此外,随着区域层面的数字经济迅速发展与信息技术长足进步,数字金融发展也进入快车道。金融科技公司凭借智能手机普及与电商平台优势(Thakor,2020),为客户提供更为便利的金融服务,明显提升了信贷效率(Frost et al.,2019),促使传统金融与数字金融形成共同发展、相互促进的格局。数字金融发展具有明显“路径依赖性”,在传统金融发展水平较高的东部地区,数字金融发展程度较高,而在传统金融发展水平较低的中西部地区,数字金融发展程度较低(姚耀军和施丹燕,2017)。新型农村金融机构设立促进传统金融发展水平提高,有利于激发传统金融与数字金融发展的“协同效应” (宋科等,2022a)。该效应有助于缩小城乡收入差距(宋科等,2022b)和促进县域经济增长。所以,在数字金融发展程度高的地区,新型农村金融机构设立对县域经济增长可能会起到较强的促进作用。然而,在数字金融发展程度低的地区,该作用可能不明显。基于上述分析,本文提出研究假说3和研究假说4。
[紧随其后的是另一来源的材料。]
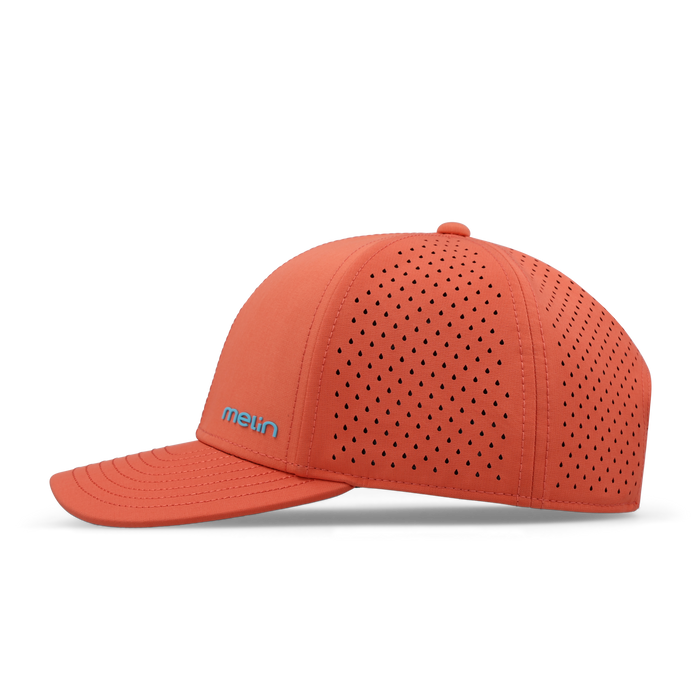Hot coral baseball cap with perforated panels and small blue logo on front.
H3:新型农村金融机构设立存在溢出效应,能够促进接壤县经济增长。
H4:新型农村金融机构设立与数字金融发展之间存在协同效应。数字金融发展程度高的地区,新型农村金融机构设立对县域经济增长的促进作用更强。
三、研究设计
(一)实证策略
本文以新型农村金融机构设立作为一项准自然实验,采用双重差分法评估新型农村金融机构设立对县域经济增长的影响及影响机制。
(二)变量说明
1.被解释变量。本文以人均地区生产总值(取对数值)作为县域经济增长的代理变量。
2.核心解释变量。核心解释变量为新型农村金融机构设立。具体构建方法如下:第一,从天眼查官方网站爬取2000年1月1日至2020年6月5日全国村镇银行、小额贷款公司、农村资金互助社3类新型农村金融机构设立时间及其所在县级行政单位信息。第二,根据新型农村金融机构设立情况将这些县级行政单位划分处理组(2000-2019年期间至少设立1类新型农村金融机构的县级行政单位)和控制组(从未设立任何新型农村金融机构的县级行政单位)。第三,确认各县级行政单位3类新型农村金融机构在2000-2019年期间的设立及存续情况。
3.中介变量。本文选取各项贷款余额与各项存款余额之比、人均规模以上工业企业产出值和人均规模以上工业企业增加值作为机制变量。
(三)样本选择和数据来源
本文选取样本为2000-2019年1921个县级行政单位,县域宏观数据来源于《中国统计年鉴》和Wind数据库;新型农村金融机构数据来源于天眼查官方网站。
四、新型农村金融机构设立对
县域经济增长的影响
(一)基准回归
回归结果表明新型农村金融机构设立会推动经济增长2.53%,该结论在加入控制变量和控制年度、县域固定效应后依然稳健。
(二)内生性分析
本文参考田鸽和张勋(2022),使用当县对所处地级市内其他县距离之和与是否设立新型农村金融机构时间虚拟变量的交互项作为新型农村金融机构的工具变量,并使用两阶段最小二乘法进行估计。回归结果表明工具变量通过识别不足检验、弱工具变量检验和内生性检验,是合理的工具变量,而且再次验证基准回归结果。此外,本文进一步控制城镇化水平来缓解遗漏变量问题,结果依然保持不变。
(三)稳健性检验
本文进行了平行趋势假设检验、安慰剂检验、更换解释变量和被解释变量衡量指标、排除其他政策干扰、调整样本范围等稳健性检验,结果均表明新型农村金融机构设立能显著促进县域经济增长。
(四)机制分析
本文继续探究新型农村金融机构设立是否通过促进金融资源回流和工业企业产出等渠道促进县域经济增长。基于上述路径进行的回归结果均显著为正,说明新型农村金融机构设立能通过促进金融资源回流,促进工业企业产出等机制推动县域经济增长。
(五)异质性分析
1.区域发展差异。新型农村金融机构设立促进县域经济增长的效果在中西部地区更为突出。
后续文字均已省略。